Hollywood Says Goodbye to 3 Stooges' Leading Lady. Passes Away at Age 90.
Oh the good old days of slapstick humor and rubber chickens. Who could forget one the pioneer comedians, The Three Stooges?
Along with this new kind of humor came the blond bombshells of the 1050s. One of these glamorous icons was Greta Thyssen, who just passed away Saturday at the age of 90 after battling pneumonia.
Born in Hareskovby, Denmark, she traveled to Paris, and eventually made her way to Hollywood.
And her 39-24-36 measurements didn’t lie, as she quickly became known for her role as the Marilyn Monroe double.
Thyssen made her debut in B movies including the 1959 “Terror Is A Man” and the 1961 “Three Blondes in His Life.”
But she was best known for dating actor Cary Grant, a romance that ended after she spoke openly about their relationship to Cosmopolitan magazine and mentioning how he wouldn’t stop talking about his LSD adventures.
Thyssen co-starred with Grant in several Three Stooges shorts. But this beautiful, vivacious actress was much more than a bombshell.
“She was always cagey about her acting career and its trajectory. My mother was a very clever woman and extremely well read.

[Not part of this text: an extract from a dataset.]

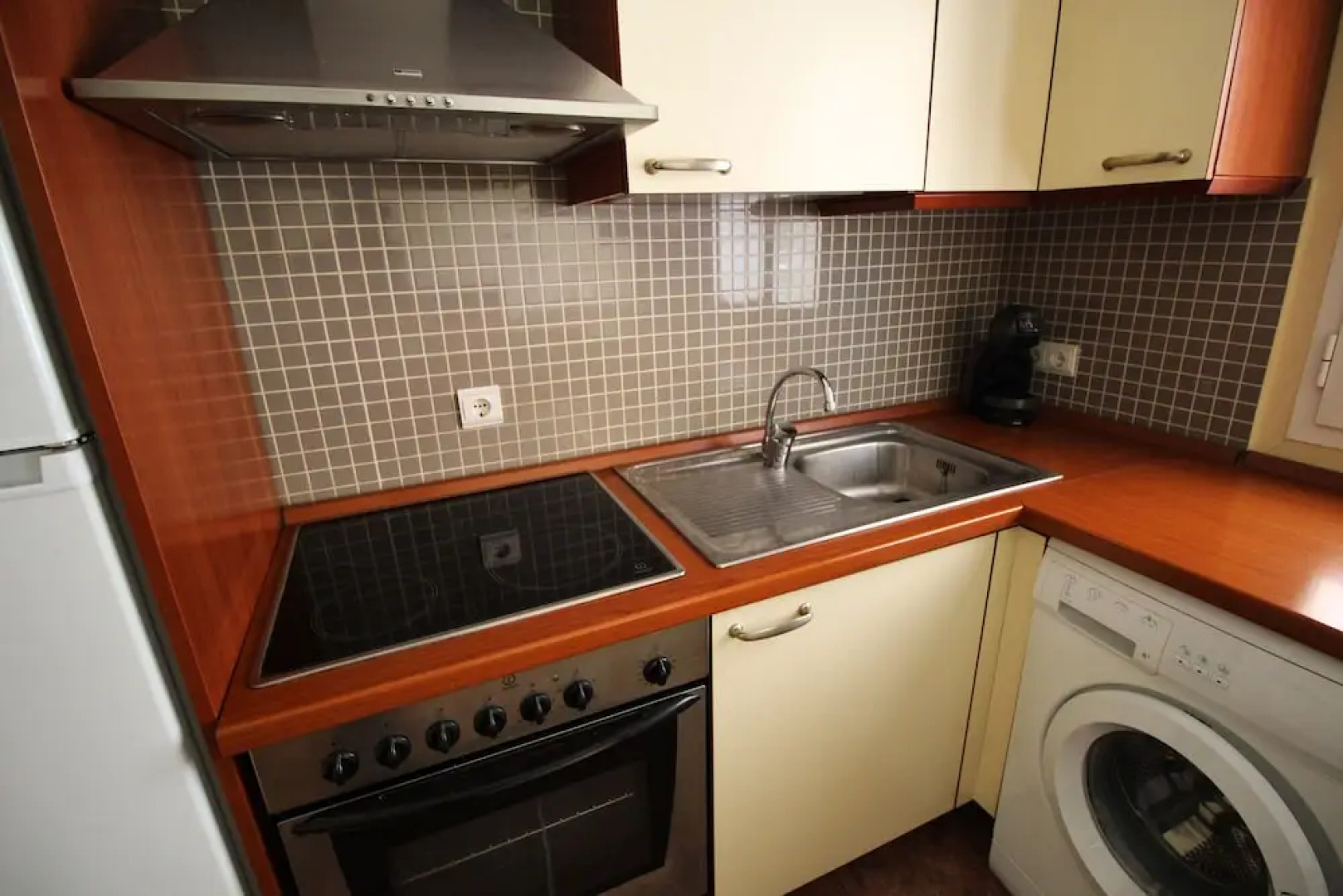 Vivaldi Aticos Climatized Pool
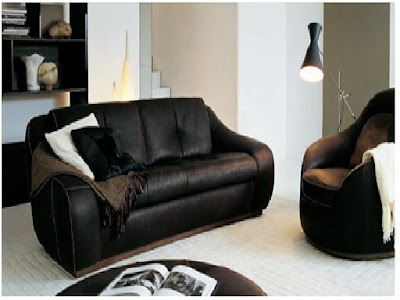 decora y disena: Salas Modernas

“If she had been born in a different era, I think she could have been a lawyer or professor,” said her daughter, Genevieve Guenther.
Working with the Three Stooges was the highlight of her acting career. Let’s face it, who wouldn’t love to be a part of that pie-throwing, rubber-chicken-over-the-head kind of fun?

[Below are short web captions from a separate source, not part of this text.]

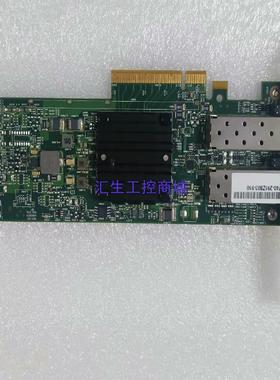 [汇生工控]BCM57412万兆光纤网卡 BCM957412A 5741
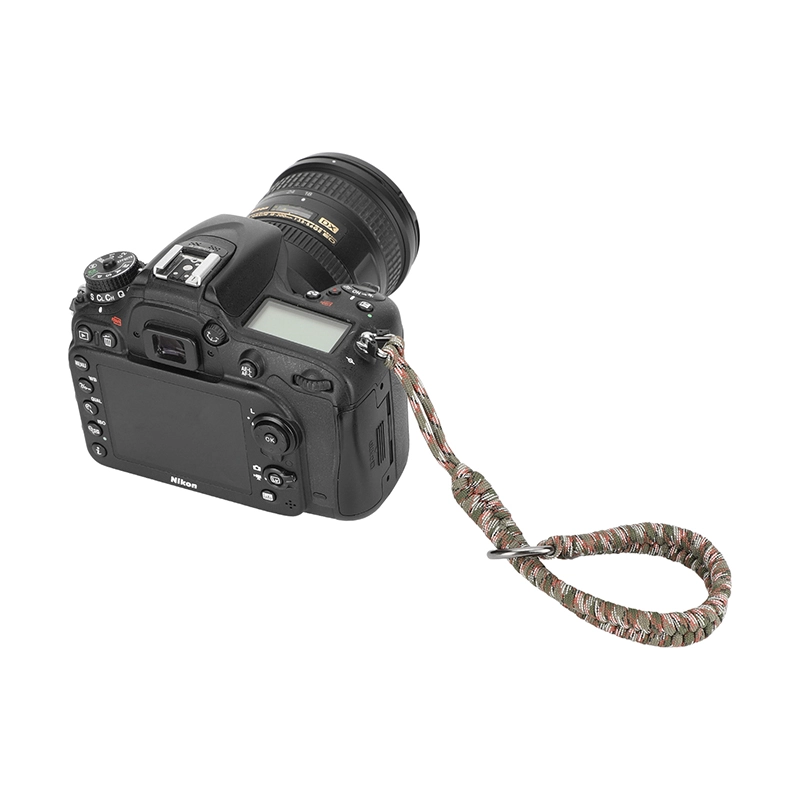 CAMVATE Camera Wrist Strap (Camouflage)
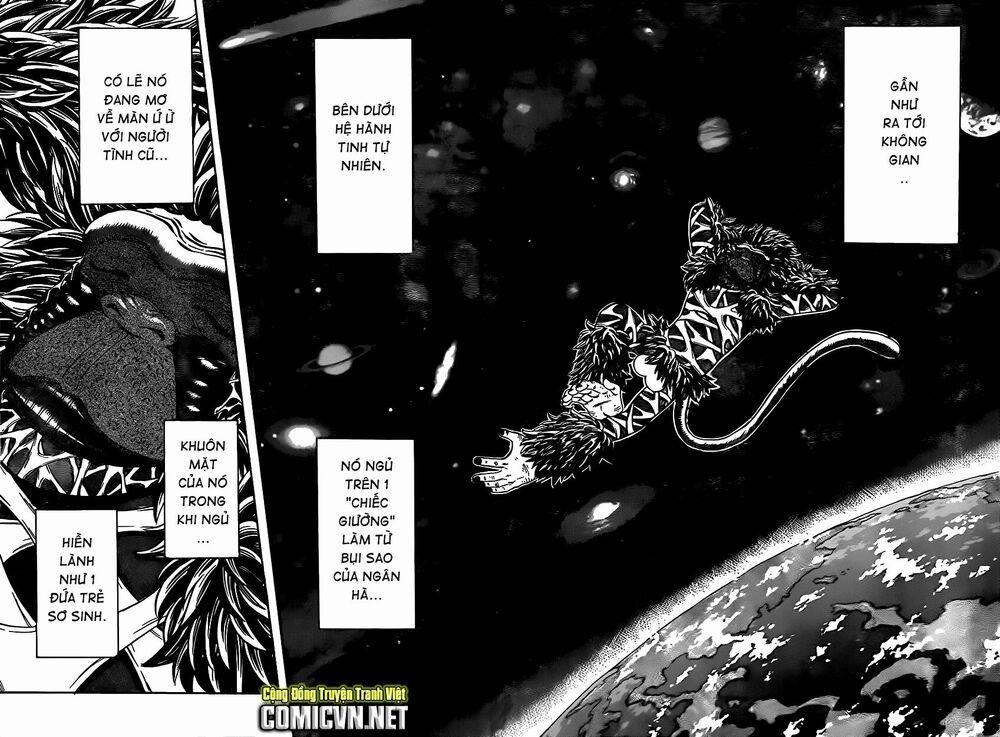 Thợ Săn Ẩm Thực 309 trang 2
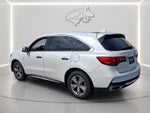 2020 Acura Mdx SH-AWD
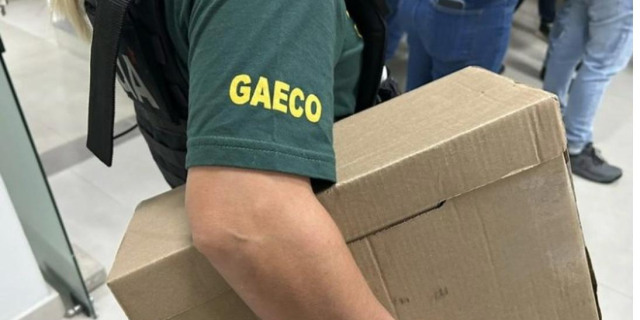Gaeco entra em cena para apurar suspeita de corrupção nos bastidores do poder.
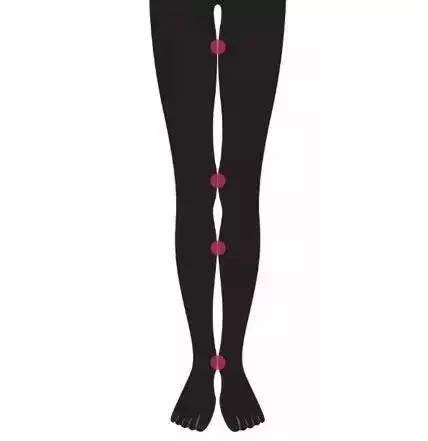 厉害了我的姐，身高一米六也能拥有纤细的大长腿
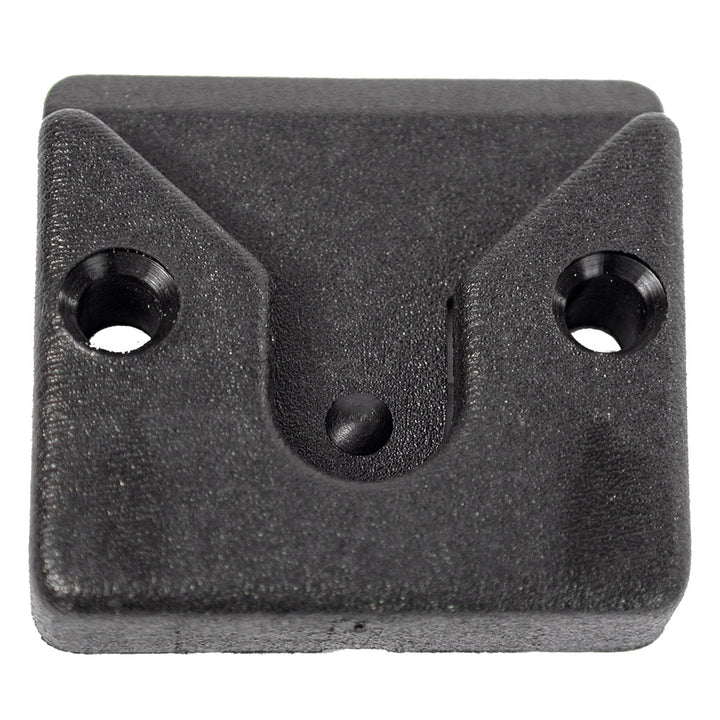 Whitecap Plastic Microphone Clip [S - 501] - Houseboatparts.com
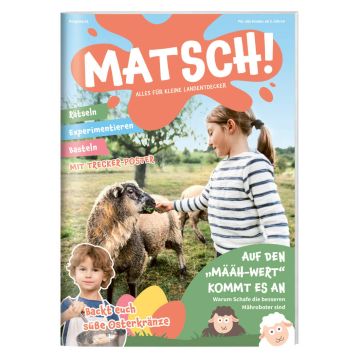 Matsch 1/22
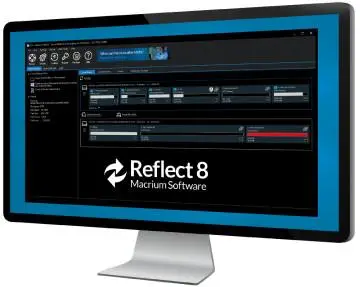 Macrium Reflect Server Plus 8.1.8110 WinPE (x64)  E2c82b3d648f558963359ba820a8e936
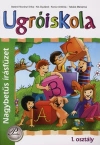 Ugriskola-Nagybets rsfzet 1.o.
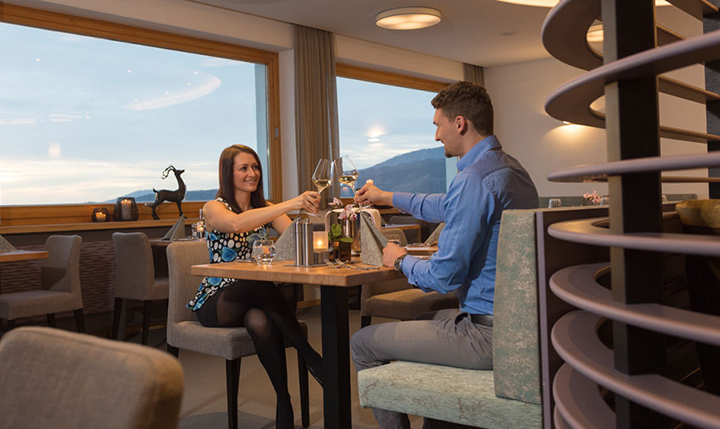 Hotelbild Restaurant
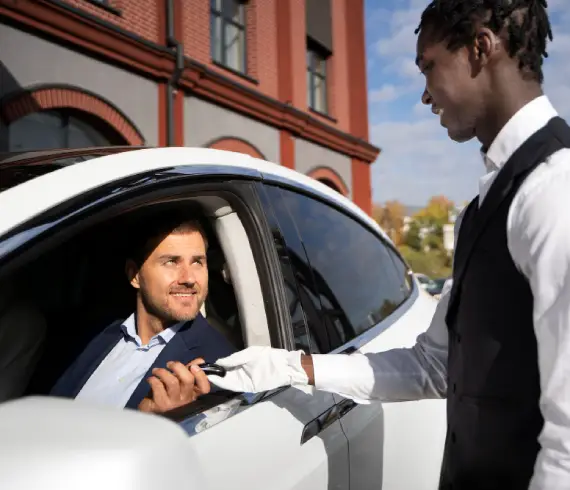 Why Choose Orlando Taxi Service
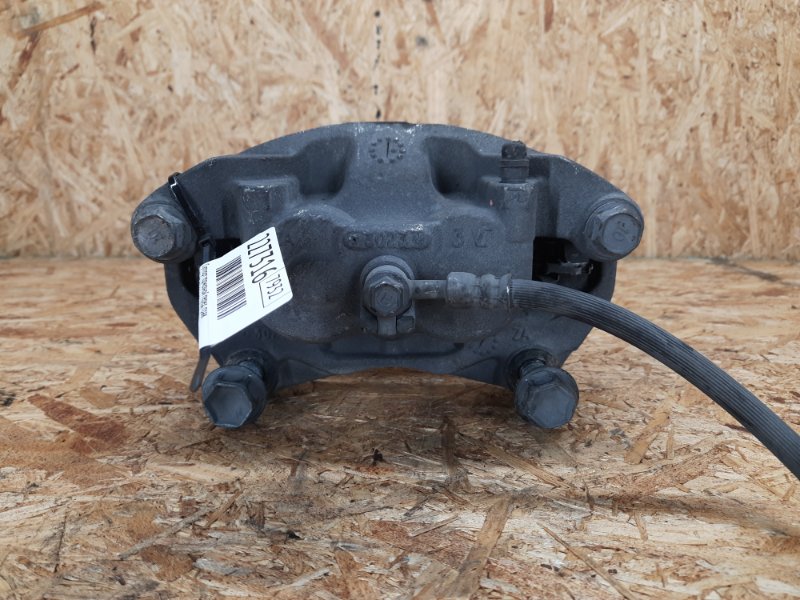 Суппорт тормозной передний правый QX60/JX35 12-20 2013 Внедорожник 3.5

In the 1958’s Three Stooges Quiz Whizz, Thyssen is seen hitting the stooges with a baseball bat and receiving a cake to the face in return.
She also had fond memories of the constant barrage of pies in the face.
“I didn’t quite understand that those kind of shorts would later be so admired and loved,” said Thyssen in a 2010 interview. Her movie career ended in 1967 when she decided to raise a family.
“I think that she always felt a little bit embarrassed about the movie persona that she adopted as this kind of voluptuous, glamorous Danish pastry with nothing between her head except silk and feathers.” says Guenther.
That sure wasn’t who she was. The people closest to her knew that.
After retirement, Thyssen began painting in her New York home. She was a beautiful woman, smart and described by acquaintances as straight and narrow: she was an amazing woman and left quite the legacy.